Nach der Atomkatastrophe von Fukushima ist Japans Regierung offenbar willens, die Betreiber der Atomkraftwerke im Land stärker zu konrollieren. Sie will nun eines der größten Atomkraftwerke des Landes wegen der Erdbebengefahr stilllegen lassen.

Ministerpräsident Naoto Kan habe den Betreiber Chubu Electric Power am Freitag dazu aufgefordert, die Reaktoren 3 bis 5 der Anlage Hamaoka herunterzufahren, berichtete die Nachrichtenagentur Kyodo. Die Gefahr einer Katastrophe sei bei dem in einer Erdbebenregion liegenden Kraftwerk zu groß.

Chubu Electric Power hatte zuvor selbst beschlossen, die Reaktoren 1 und 2 nicht mehr weiter zu betreiben. Das Kraftwerk Hamaoka liegt 170 Kilometer südwestlich von Tokio nahe der Stadt Omaezaki. Aktivisten fordern schon lange, es wegen der Erdbebengefahr abzuschalten. In der Anlage hatte es zudem mehrfach Störfälle gegeben.

Auch Auffälligkeiten an anderen AKW-Standorten werden derzeit nervös registriert. So fährt der Betreiber Japan Atomic Power Co. das AKW Tsuruga-2 an der Westküste Japans herunter, nachdem Hinweise auf defekte Brennelemente auftauchten . Und im weltgrößten AKW Kashiwazaki-Kariwa an der Westküste Japans hat es nun einen Defekt im Kühlsystem gegeben. Ein Ventil habe nicht funktioniert, zitierte die Nachrichtenagentur Kyodo den Betreiber Tepco am Freitag.

Das Ventil sei wichtig, wenn im Notfall Wasser zum Reaktor gepumpt werden müsse. Es sei "unwahrscheinlich", dass wegen des Defekts im Kraftwerk Kashiwazaki-Kariwa radioaktive Substanzen freigesetzt wurden. In der aus sieben Reaktoren bestehenden weltgrößten Atomanlage hatte es 2007 nach einem Beben folgenschwere Störfälle gegeben. In dem Kraftwerk in der japanischen Provinz Niigata war damals unter anderem radioaktiv belastetes Wasser aus einem Leck ins Meer geflossen. Zudem fing ein Transformator außerhalb der Reaktorhallen Feuer.

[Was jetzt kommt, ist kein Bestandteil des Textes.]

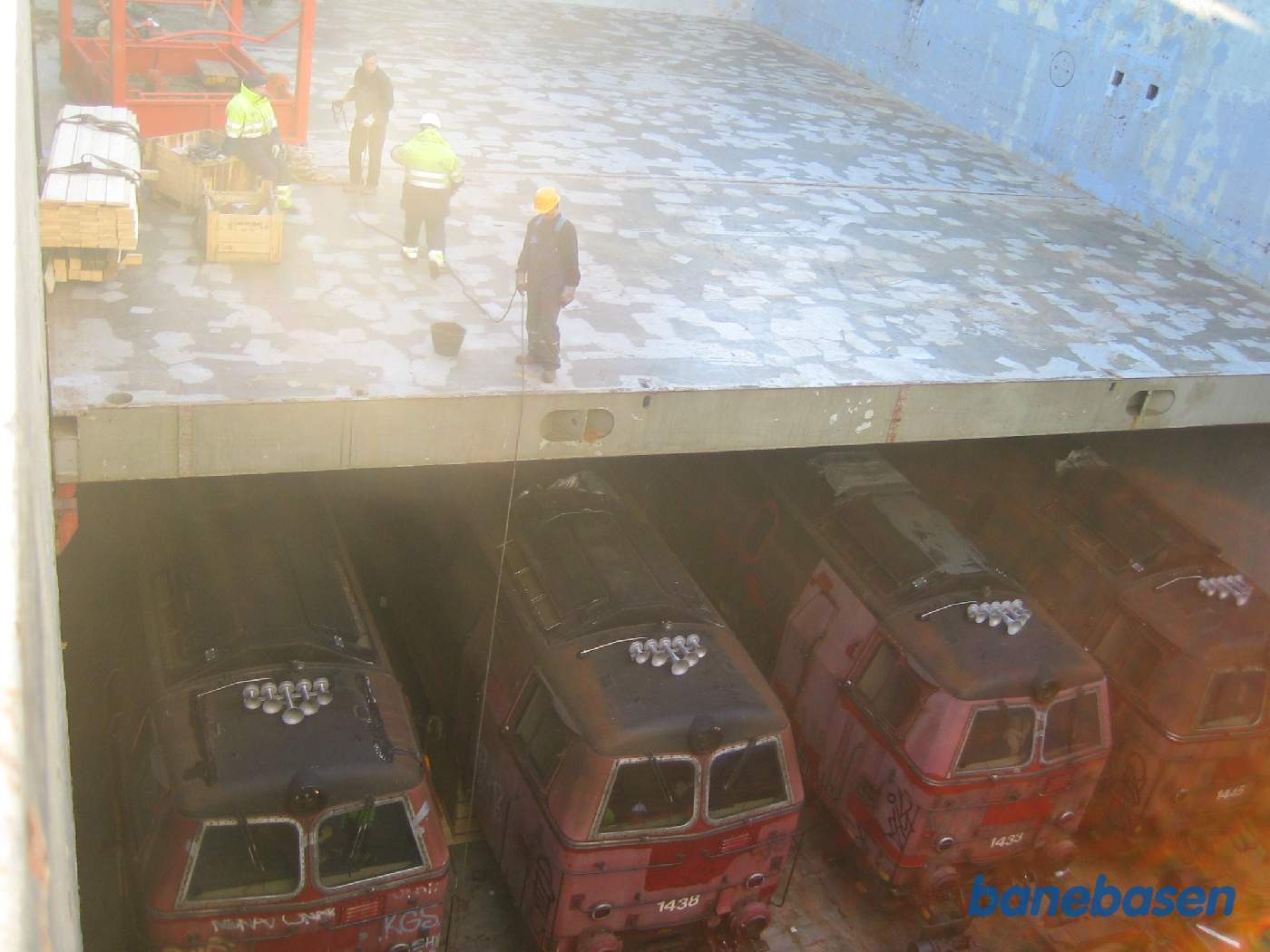 De 4 første vognkasser er anbragt nederst i lastrummet og mellemdækket delvist lagt på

Tepco schlampte auch im weltgrößten AKW

Insgesamt wurden 50 technische Defekte registriert - die Tepco zunächst nicht meldete. Ende Februar dieses Jahres war in Japan ein Bericht veröffentlicht worden, demzufolge in dem Kraftwerk etliche Geräte schlecht gewartet wurden.

Kurze Zeit später kam es an der Ostküste zur noch andauernden Katastrophe. In der Folge der Erdbeben- und Tsunami-Katastrophe vom 11. März fielen im Atomkraftwerk Fukushima-1 die Kühlanlagen aus. Durch mehrere Wasserstoffexplosionen gelangte strahlendes Material in die Atmosphäre und später über Löschwasser auch ins Meer.

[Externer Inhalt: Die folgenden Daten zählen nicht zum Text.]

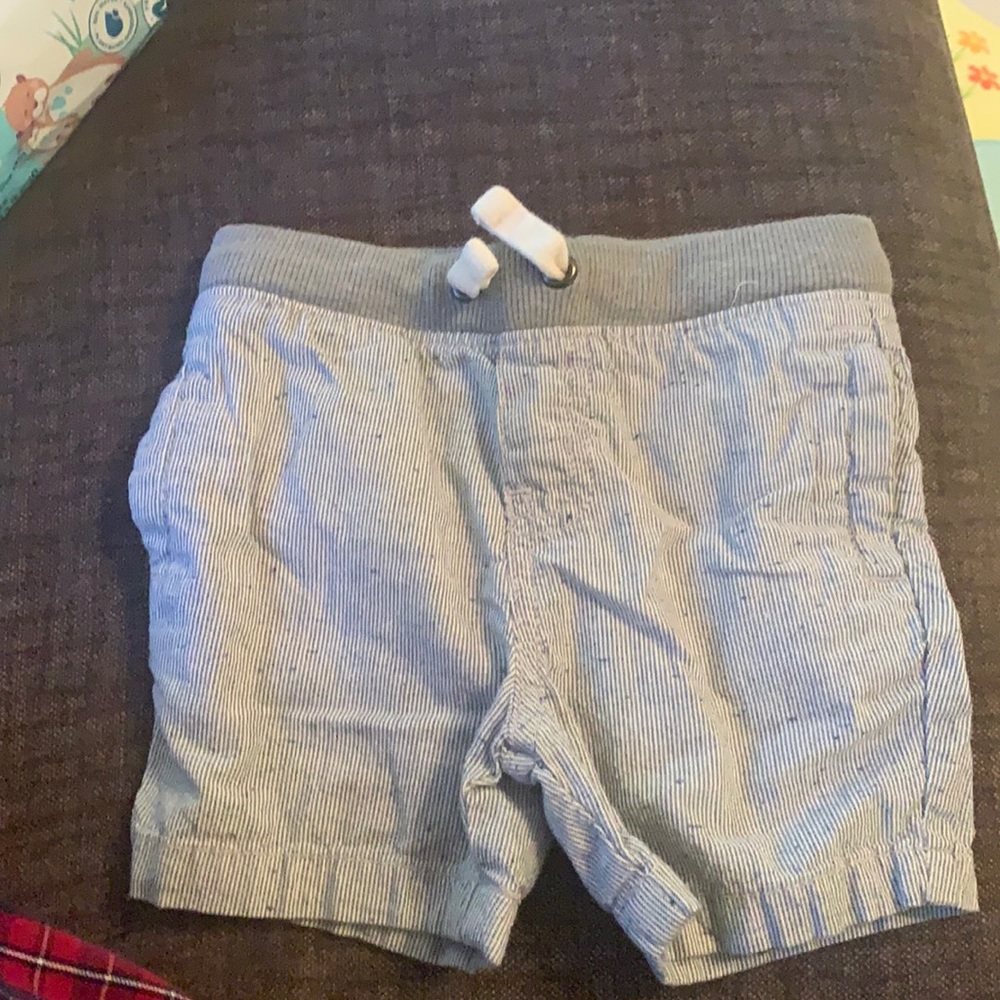 Gray shorts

Erstmals seit dem Beben vor knapp zwei Monaten haben Arbeiter das stark verstrahlte Gebäude von Reaktor 1 im zerstörten Atomkraftwerk Fukushima Eins am Donnerstag betreten. Ziel der Aktion sei es, das Kühlsystem dort wieder in Gang zu bringen, verlautbart Kraftwerksbetreiber Tepco. Ausgestattet mit Schutzmasken und Spezialanzügen sollten die Arbeiter zunächst Filter für die radioaktive Luft einbauen. Wegen der Strahlenbelastung hielten sich die Teams nicht mehr als zehn Minuten im Reaktor auf.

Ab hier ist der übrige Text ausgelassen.